### Goal of the exercise
Here the job is to retype the data word for word while leaving the pictures aside.

[Opening Input data section]

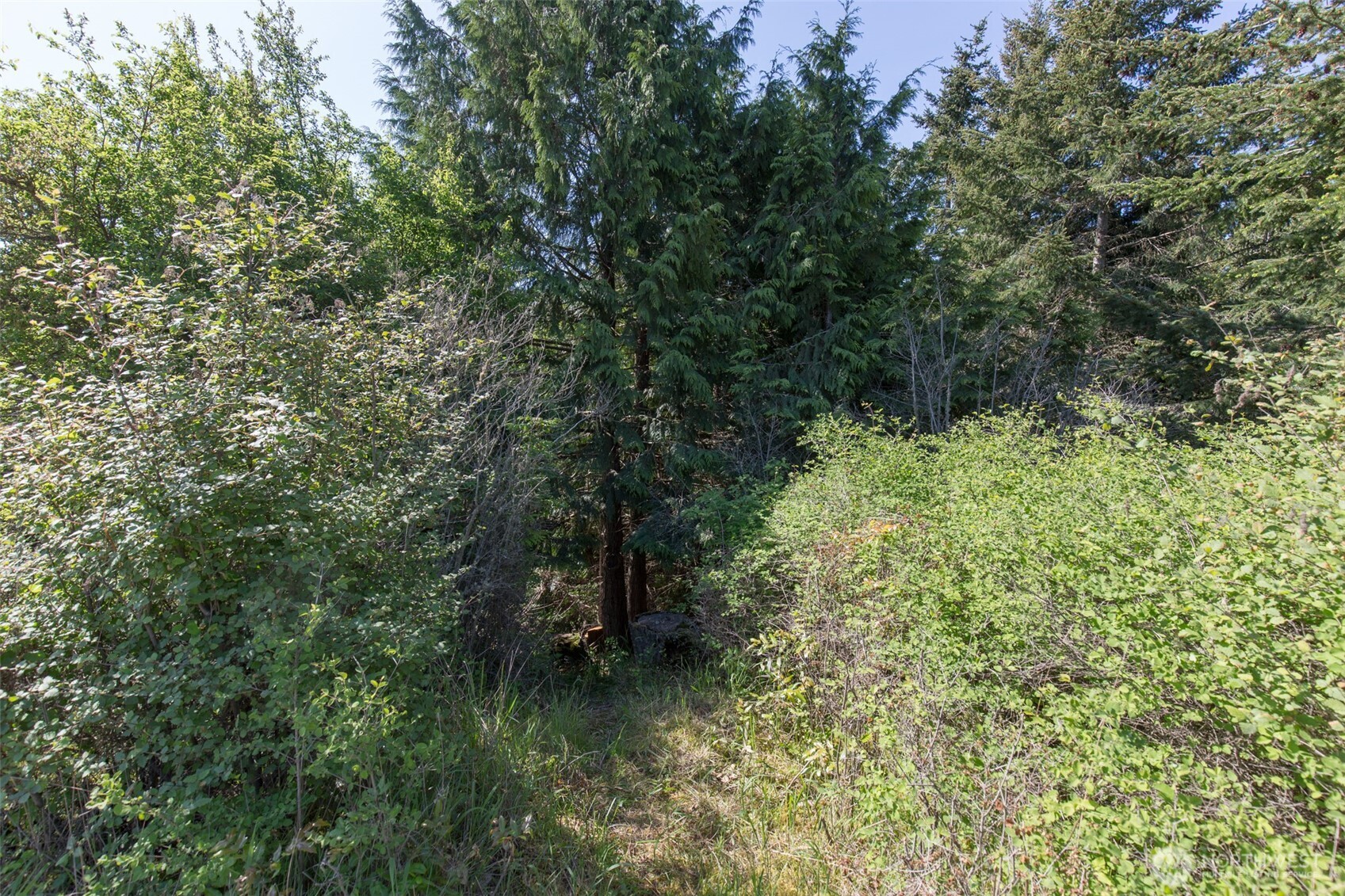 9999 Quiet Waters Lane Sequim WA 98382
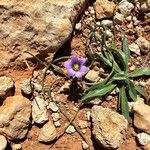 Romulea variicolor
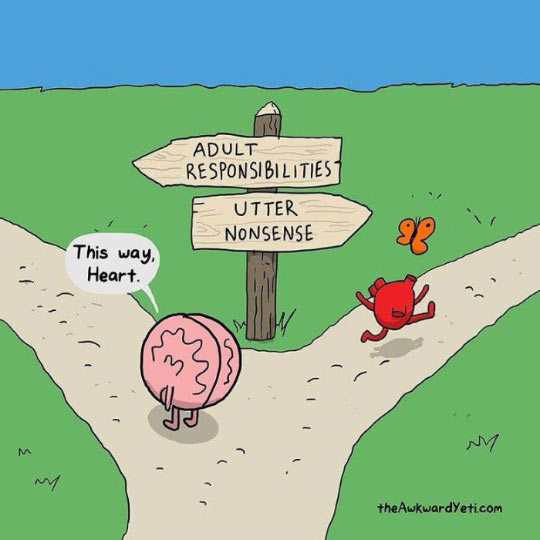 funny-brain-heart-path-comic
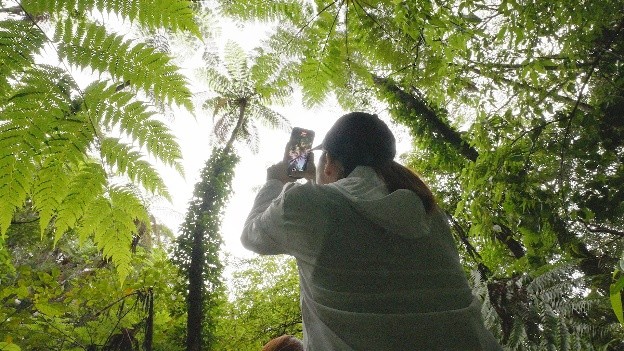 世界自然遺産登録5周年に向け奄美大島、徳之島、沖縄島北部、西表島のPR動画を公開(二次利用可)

[Closing Input data section]

### Reply
 9999 Quiet Waters Lane Sequim WA 98382
 Romulea variicolor
 funny-brain-heart-path-comic
 世界自然遺産登録5周年に向け奄美大島、徳之島、沖縄島北部、西表島のPR動画を公開(二次利用可)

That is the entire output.